---------- Exercise input

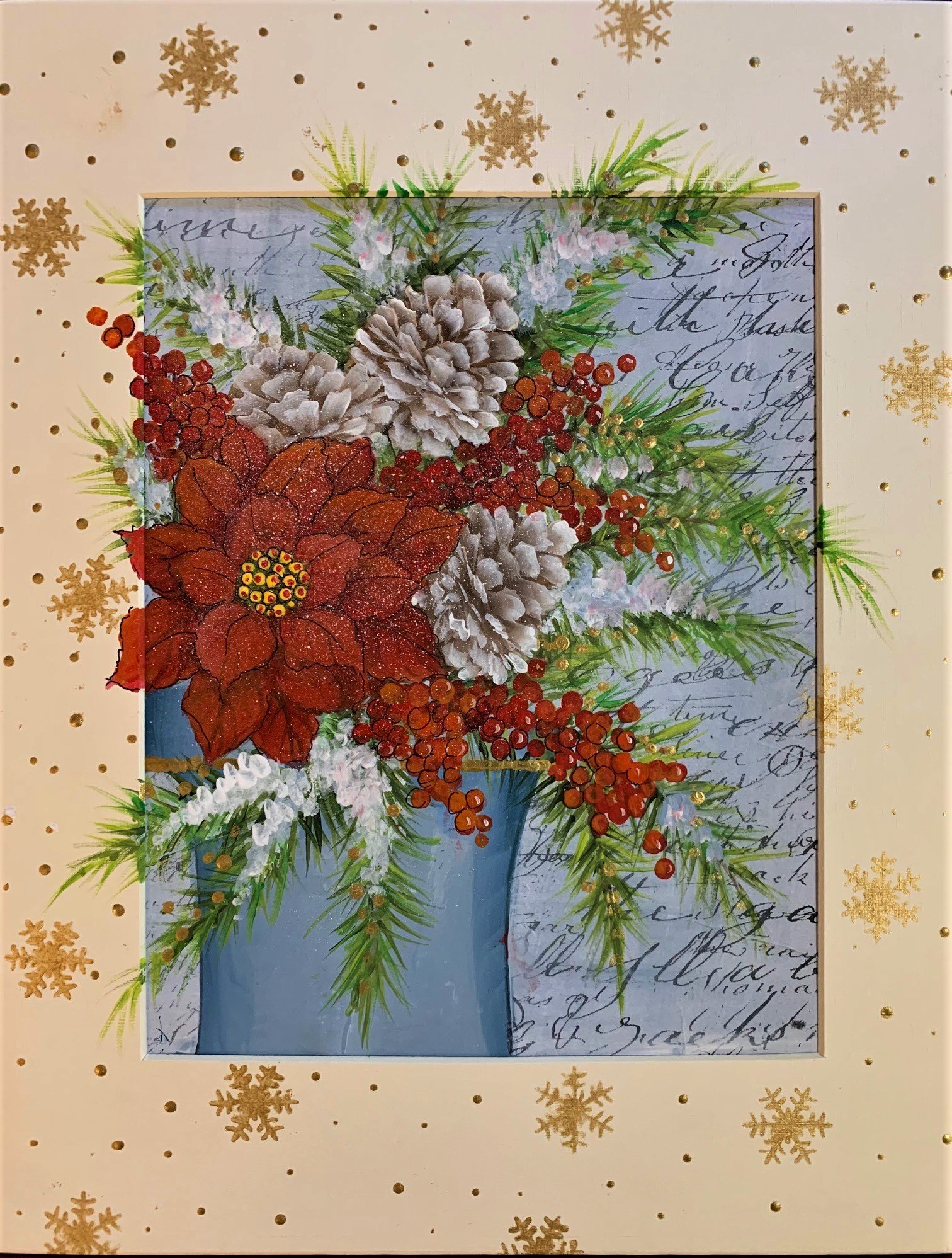 17-7 Christmas Bouquet.jpg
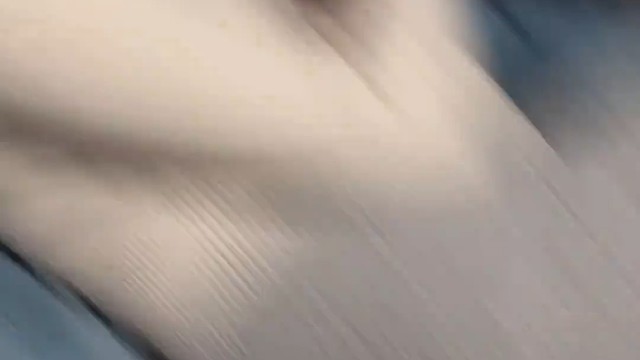 你想活到幾歲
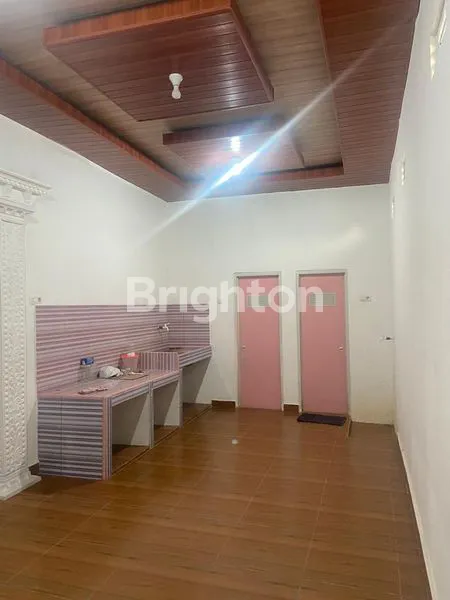 image LOKASI NYAMAN, AMAN DAN BEBAS BANJIR (4)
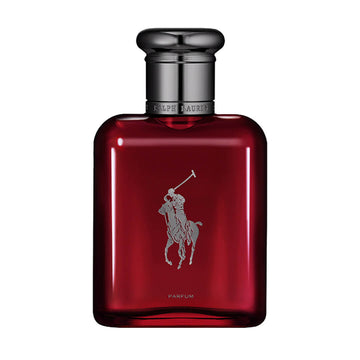 Ralph Lauren Polo Red Parfum for Men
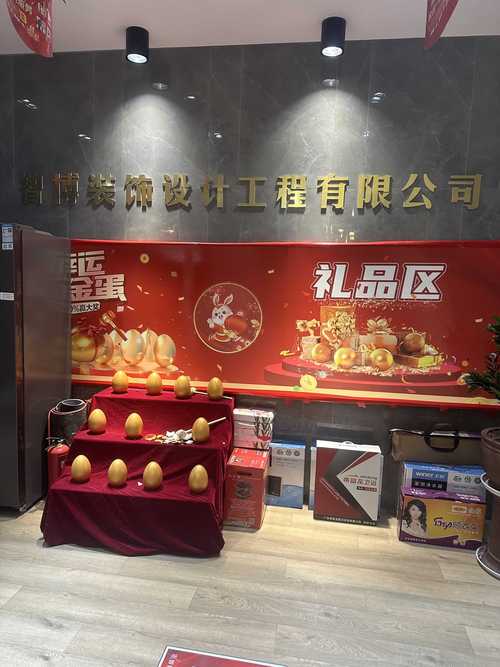 2026滁州树脂礼品定制服务商深度盘点：如何选择正规源头厂家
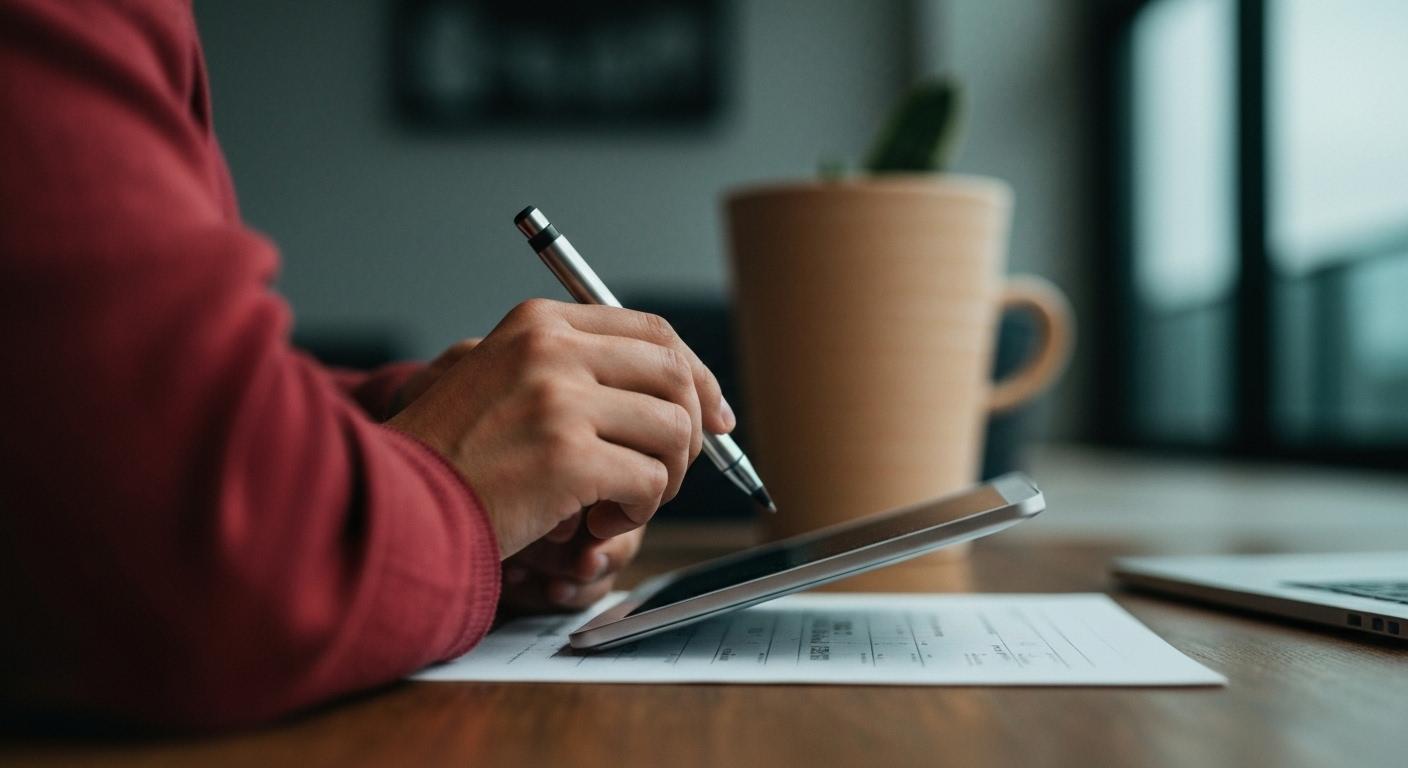 Cape Town Airbnb Management Company Reviews: What to Expect in 2025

--------------------

Task objective – Line for line, restate the data above and omit every picture.

Answer box –
 17-7 Christmas Bouquet.jpg
 你想活到幾歲
 image LOKASI NYAMAN, AMAN DAN BEBAS BANJIR (4)
 Ralph Lauren Polo Red Parfum for Men
 2026滁州树脂礼品定制服务商深度盘点：如何选择正规源头厂家
 Cape Town Airbnb Management Company Reviews: What to Expect in 2025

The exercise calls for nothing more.